The previous day I'd given a presentation on the 'human rights dimensions' of the pandemic, the real reasons why HIV has spread so rapidly here. Gender inequality, lack of access to prevention/treatment and stigma surrounding positive status were my main points. Despite the obvious majority of ARV patients being young women, these stories were conspicuously absent in Kanyama: the wards were empty, the store rooms were overflowing with free drugs and we were treated to a stigma-fighting theatrical performace and song.

As I wrote, the real human rights story is no longer access to treatment, but rather its more elusive cousin, adherence. Thanks to president Bush's PEPFAR plan and Billanthropic (Clinton and Gates) initiatives, the clinics are overflowing with free, generically produced ARVs. That's obviously a step in the right direction, but it fails to address why, in Lusaka, over three years of free access has failed to make anything but a cosmetic change in the AIDS death rate. Patients may not be showing up to clinics in wheelbarrows anymore, but they're still dying at the same depressingly high rate.

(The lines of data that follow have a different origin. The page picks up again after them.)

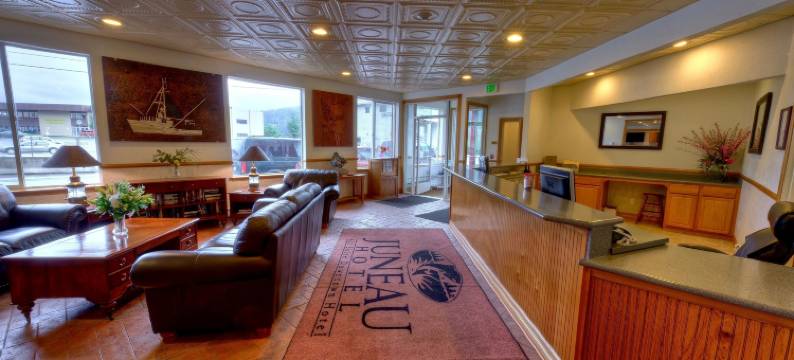朱诺酒店(Juneau Hotel)图片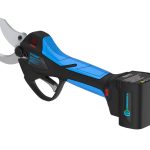 Forbici Elettriche a batteria Stark L Campagnola 3 batterie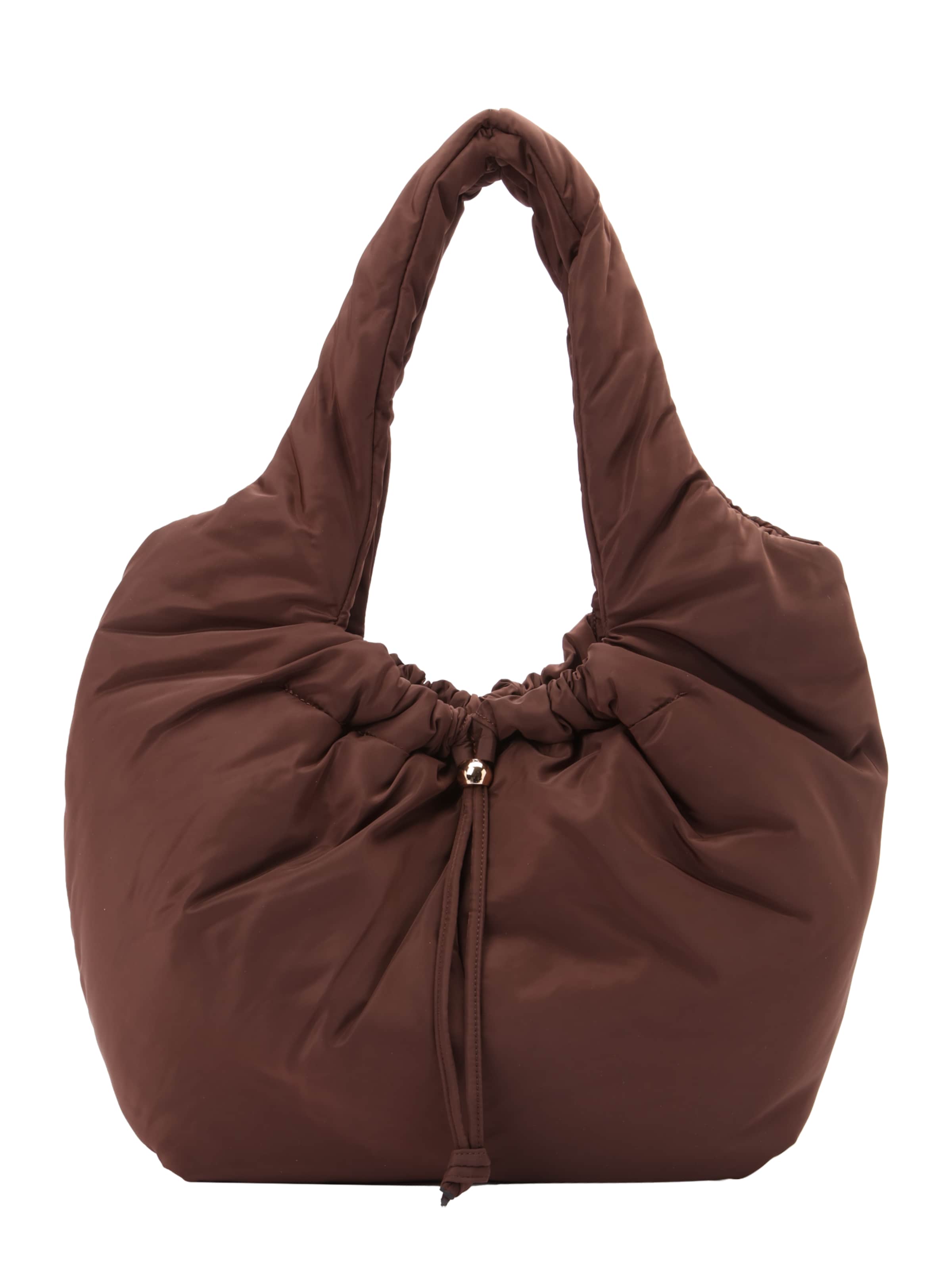 TOPSHOP Сумка через плечо в цвете Chocolate
TOPSHOP Сумка через плечо в цвете Chocolate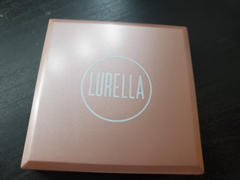 Lurella Cosmetics Rosebud Review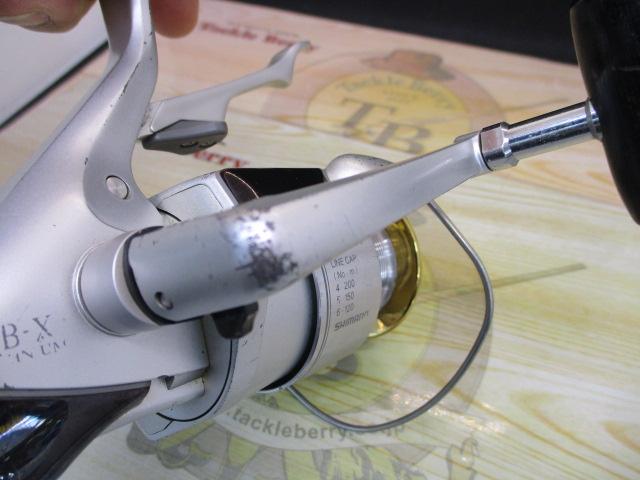 BB-Xテクニウム 5000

The point that PEPFAR and Project (RED) miss is that HIV/AIDS is a social, not medical problem. The plea for more pills = less death might sell a boatload of t-shirts and get you on the cover of Vanity Fair, but access alone is no magic bullet.

3 comments:

Anonymous said...

Hi Brandon,
I've been enjoying your blog and I particularly liked your "Life after HIV, sometimes" report. You did a great job of showing how complicated the situation is with HIV/AIDS and ART. I agree that "More pills = less death" is way off the mark.

One thing caught my attention, though:
"transactional sex". Where did this term come from? Did someone tell you to use it? Is this just a PC way of saying prostitution or does it mean something else as well? I have mixed feelings about using a term that seems sanitized for an act that I consider dehumanizing. On the other hand, calling sex workers "prostitutes" etc. feels like being needlessly cruel to the victim.

I would love to hear your opinion on this, and I look forward to reading whatever you write next.

Stay safe
Best wishes
Good luck,

Jessica

B. Scott Currie said...

Hey Jess,

Good to hear from you. Thanks for reading!

In HIV/AIDS parlance 'transactional sex' is used to describe a number of different scenarios, prostitution being just one of them. It also refers to young girls (and sometimes, boys) who are lured into sexual relations with adults offering cell phones, cars, even food and candy. These are usually people in positions of dominance and trust (uncles, friends of parents) who exploit girls' economic insecurity and lack of education. It's the same prospect of destitution that prevents women from disclosing their HIV status to their husbands, who'll likely abandon them for being 'promiscuous.' So yeah, like so many other social issues, investing in female education/empowerment is key to any lasting solution, though that sort of thing doesn't lend itself to catchy slogans and impulse activism.

Mike said...

This is really informational, which is great, but allow me to be a nerd and just say that your imagery is blowing my mind. Keep it up, B-Rock.